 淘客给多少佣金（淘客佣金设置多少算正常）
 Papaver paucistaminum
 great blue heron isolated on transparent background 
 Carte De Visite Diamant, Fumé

_ _ _ _ _ _ _

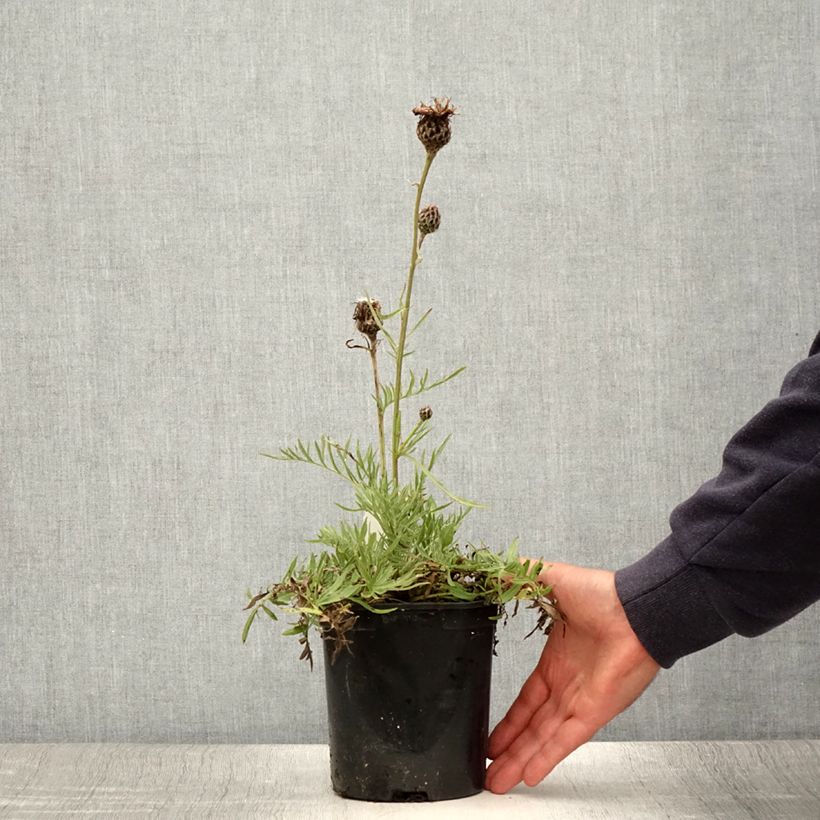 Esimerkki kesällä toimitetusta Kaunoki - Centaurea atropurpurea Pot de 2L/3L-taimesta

_ _ _ _ _ _ _

Would you print, exactly as written, every line above from the one holding "great blue heron" through the one holding "Carte De Visite Diamant, Fumé", with both included and no other lines?

 great blue heron isolated on transparent background 
 Carte De Visite Diamant, Fumé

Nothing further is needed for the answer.